Dinhero21 / game-engine

Fully Open Source Game and Game Engine
0 stars 0 forks source link

anti-catastrophic-lag-watchdog #12

Open Dinhero21 opened 11 months ago

Dinhero21 commented 11 months ago

The idea is to have a program running in another thread (via node:child_process or node:worker_threads) that will monitor the main process.

The main process will send data to the watchdog to signal its state (something like alive every second).

If the server does not send any data for a long amount of time (probably a minute) the watchdog will initialize the data loss mitigation protocol.

Data Loss Mitigation Protocol

The watchdog could simply kill the main process but that would destroy progress and rollback the server.

My idea is for the watchdog to have a node:inspector instance inspecting the main process.

Upon noticing the catastrophic lag the watchdog is going to send a signal to the server telling it to disconnect all clients, save the world, and shut down (to mitigate data loss). This will, however, not happen as the server is currently stuck in a loop.

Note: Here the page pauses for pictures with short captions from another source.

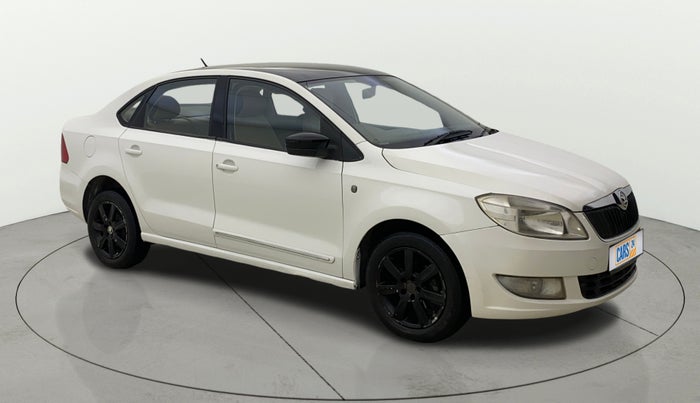 2013 Skoda Rapid AMBITION 1.6 MPI MT PLUS, Petrol, Manual, 83,915 km, SRP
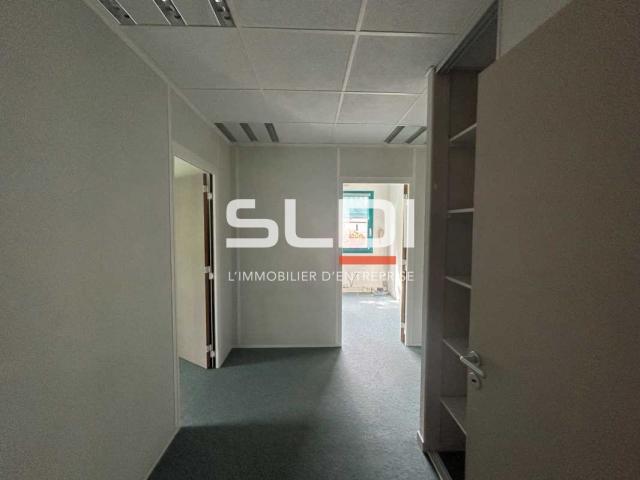 Bureaux A LOUER - CHARBONNIERES LES BAINS - 190 m²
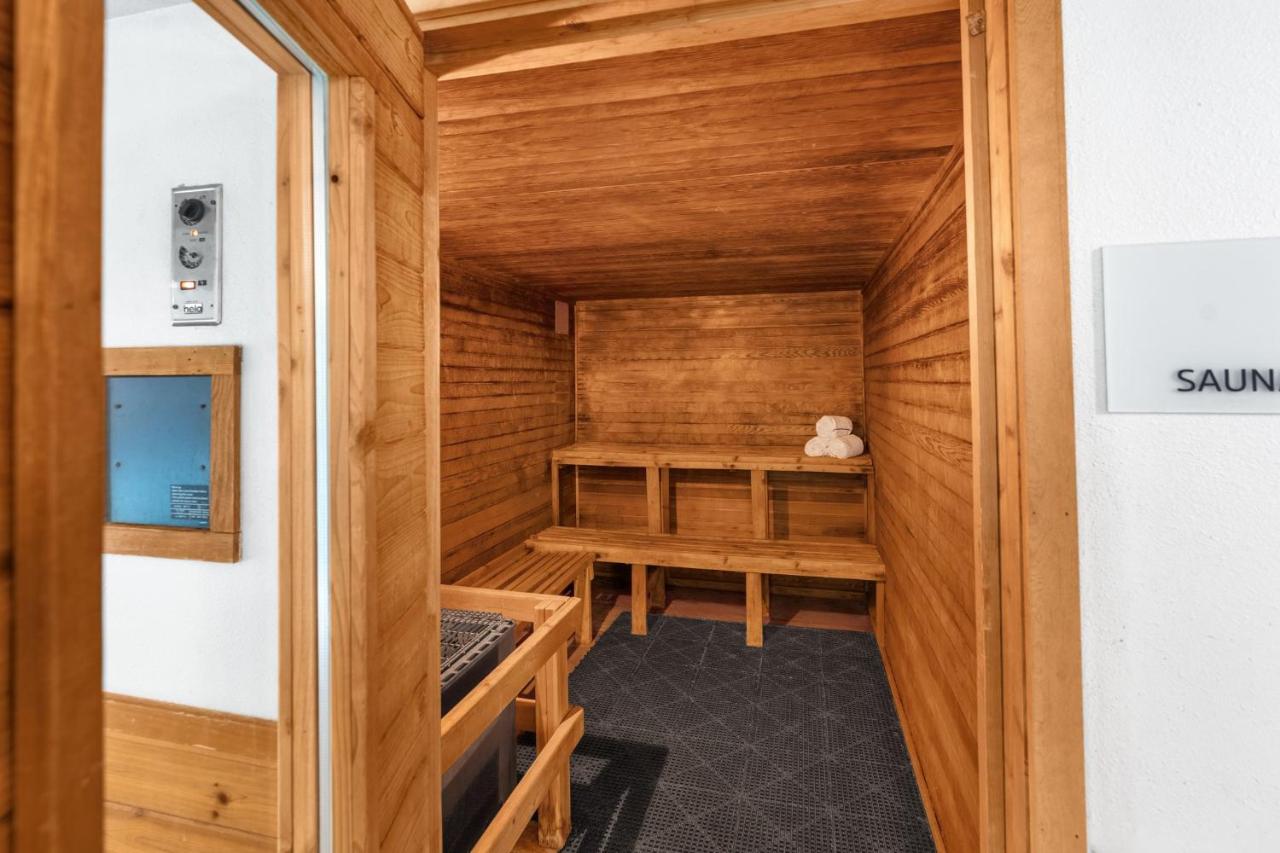 | Holiday Inn Express & Suites Hayward, an IHG Hotel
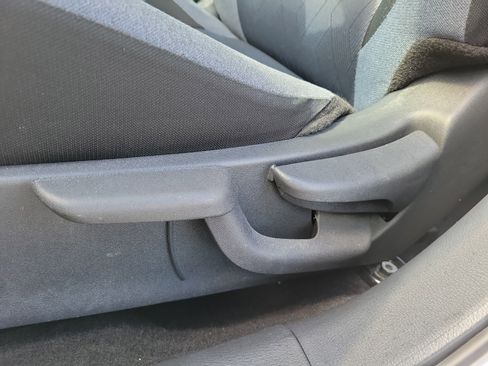 Used 2025 Nissan Versa SV FWD image 15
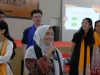 Kegiatan pengabdian masyarakat FKG UNAIR bersama peserta dari lima negara di Surabaya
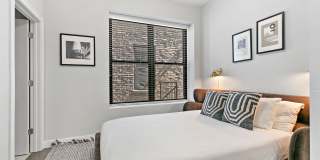2151-2153 W Division St Gallery 16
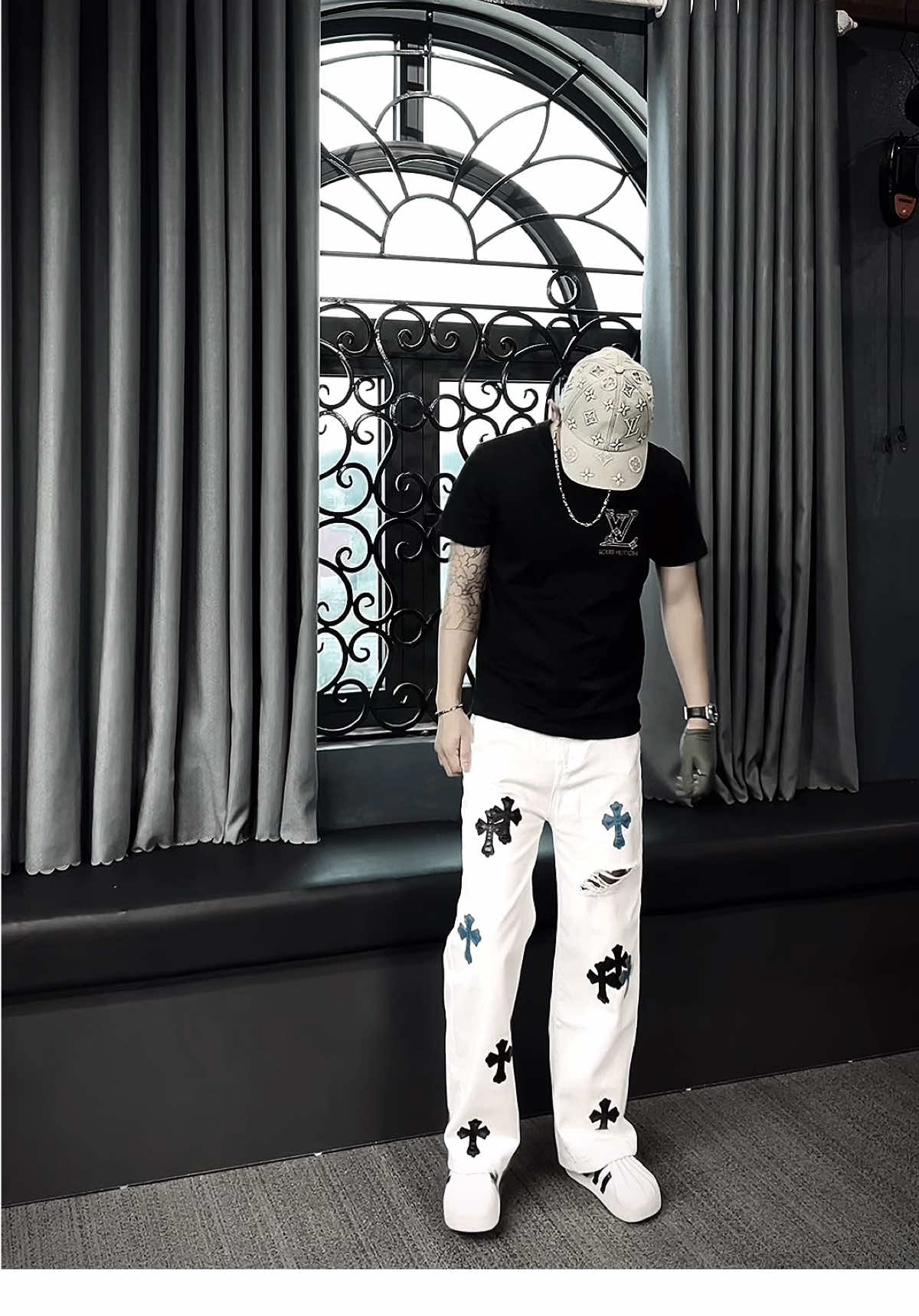 “Anh không phải gu của em, nhưng em lại thích phá luật 🤭”#xuhuong #vairal #myoutfit #hottrend #QHLStore 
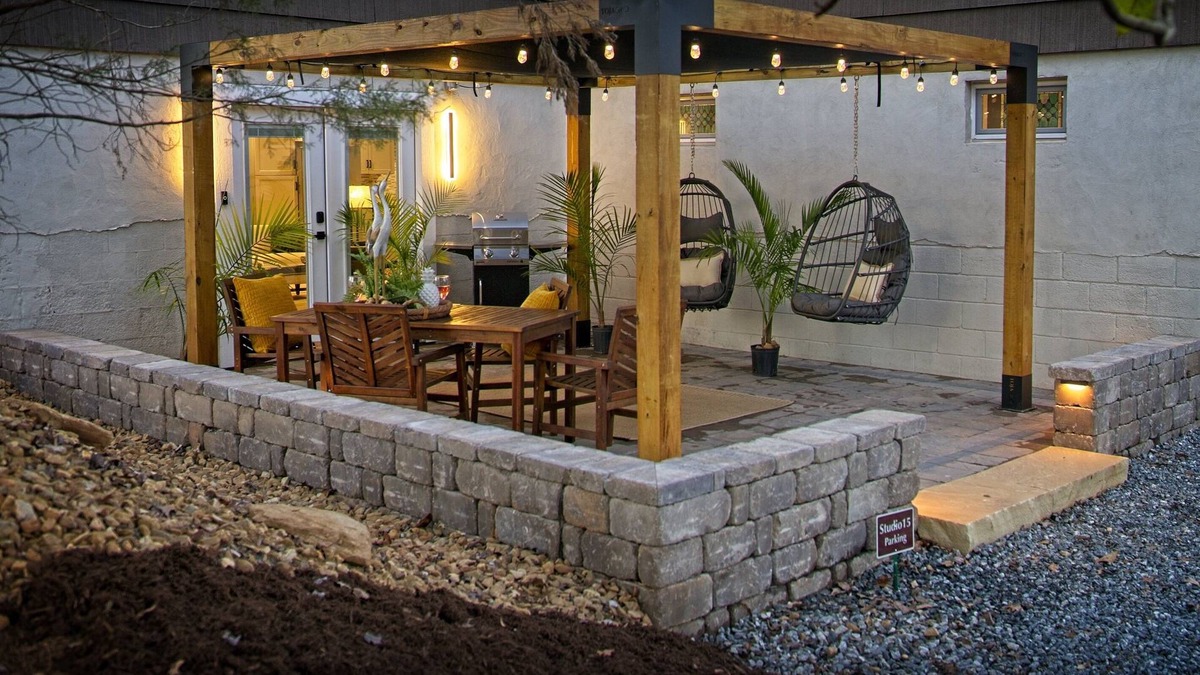 Landrum Apartment | Modern Studio near Downtown & TIEC ~ Magical Patio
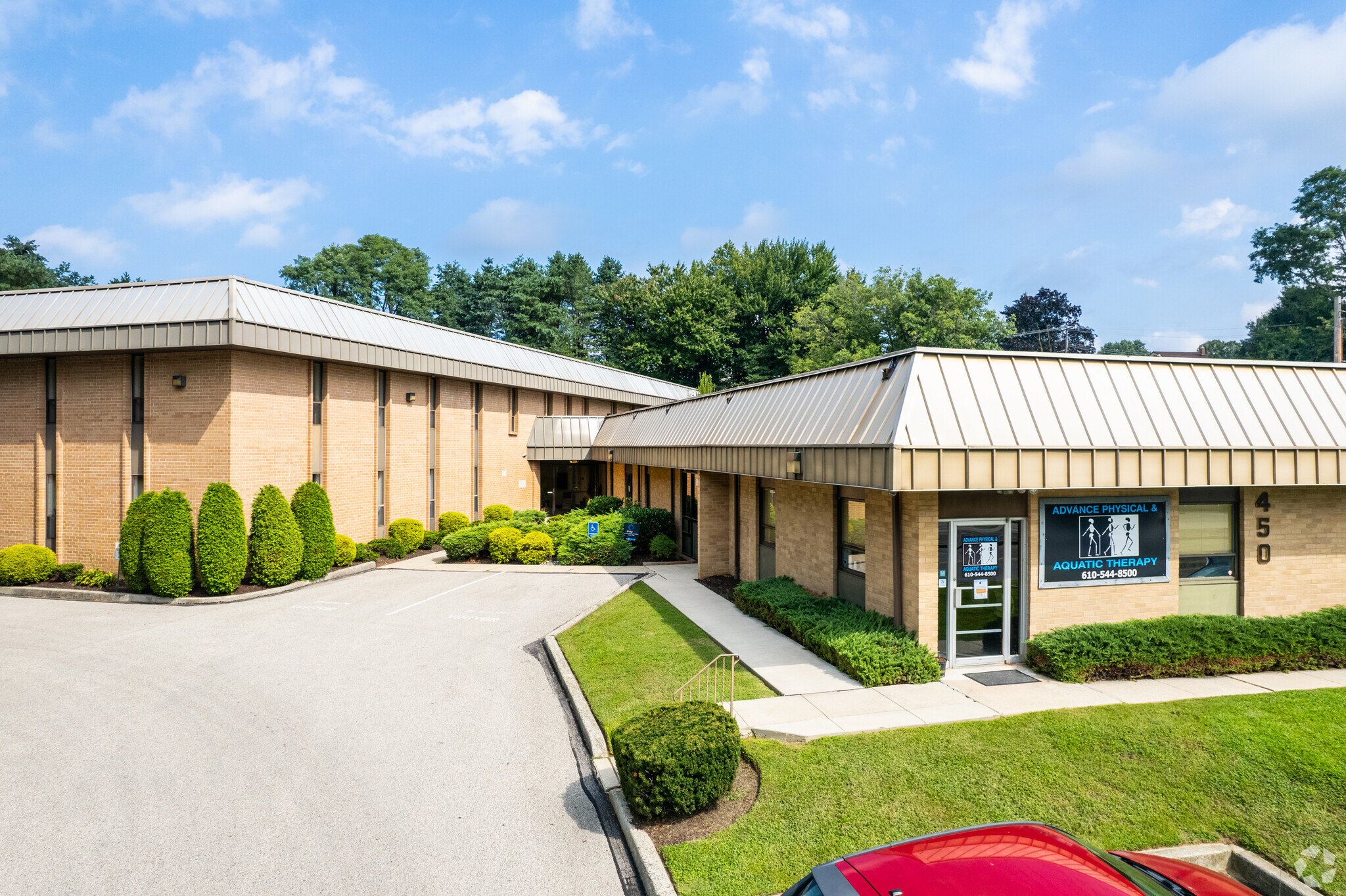 450 Park Way, Broomall, PA for lease Building Photo- Image 1 of 6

I have many ideas on how to get out of the loop programmatically, some dead simple and some overly complex, I will document some of them here:

A problem with all of these anti-loop solutions is that they create invalid states (ex. a function was supposed to return a string but because it prematurely exited the loop it returned undefined), this might cause data corruption.

To mitigate this the last world should be backed up and upon server start the latest world should be attempted to load, if corrupted, load the backup.

A better solution might be to have a loose data parser which when encountering unexpected results would try its best to not crash.

Dinhero21 commented 11 months ago

Runtime.terminateExecution seems like a viable way of doing idea 1

Dinhero21 commented 11 months ago

After a lot of searching, I finally found this which allows you to debug node remotely.